Sobre a visão meramente empresarial do mercado de crédito de carbono, que em 2008 movimentou US$ 110 bilhões, Petit acredita em autorregulamentação, para não gerar desconforto em quem está investindo. "Tirando os aproveitadores, que existem em todo lugar, há o comprometimento de muitas empresas de reduzirem as emissões e profissionais muito bem preparados para auxiliá-las nesta empreitada." Ele defende políticas públicas mais amigáveis e compensações ambientais mais substantivas para o mercado crescer.
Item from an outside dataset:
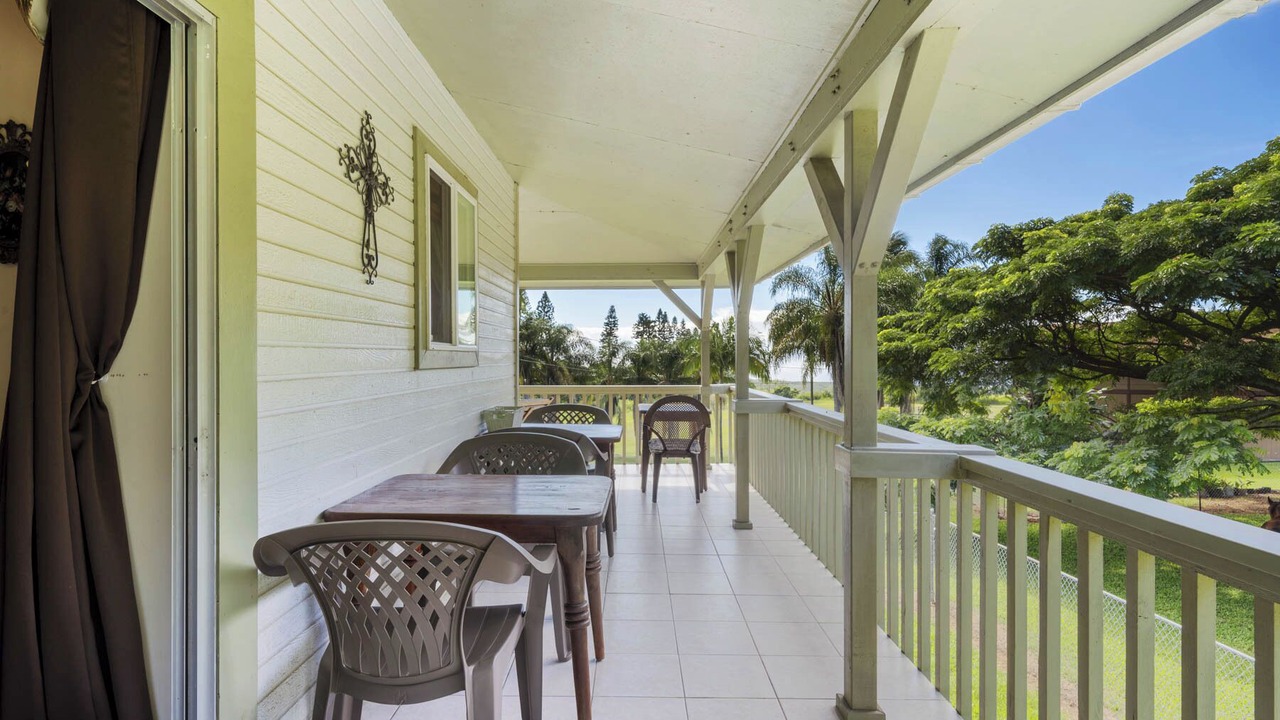 Photo of Others in Naalehu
Há concordância de muitos especialistas em relação aos conflitos gerados pelo Plano de Aceleração Econômica (PAC). "O PAC vai na contramão do meio ambiente", diz Hercowitz. Para ele, um exemplo emblemático é o rio Madeira, onde serão construídas as usinas de Santo Antônio e Jirau.
O futuro pós-Kyoto divide a opinião dos especialistas. Todos os países integrantes da ONU precisariam chegar a um acordo até o fim deste ano. As chances de isso acontecer, contudo, são escassas. Brasil, Índia e China têm como adversários os países ricos, sobretudo os EUA, e ainda é incerto se Barack Obama vai aderir a um novo protocolo, ainda que tenham sido muitas as promessas de campanha para a redução das emissões.
Sparta lembra que na ONU só são válidas decisões unânimes. E neste fórum só negociam governos, não sendo representada a sociedade civil organizada. As divergências são muitas e há pouca chance de um novo protocolo sair até dezembro. Essa posição está longe da unanimidade. Para Hercowitz, algo será definido, pois as pessoas estão convencidas de que as mudanças climáticas são gravíssimas. Petit vê o futuro com certa dose de otimismo. No entanto, ele pondera: "A crise continuará a mexer pesadamente com a capacidade de investimentos nesta área".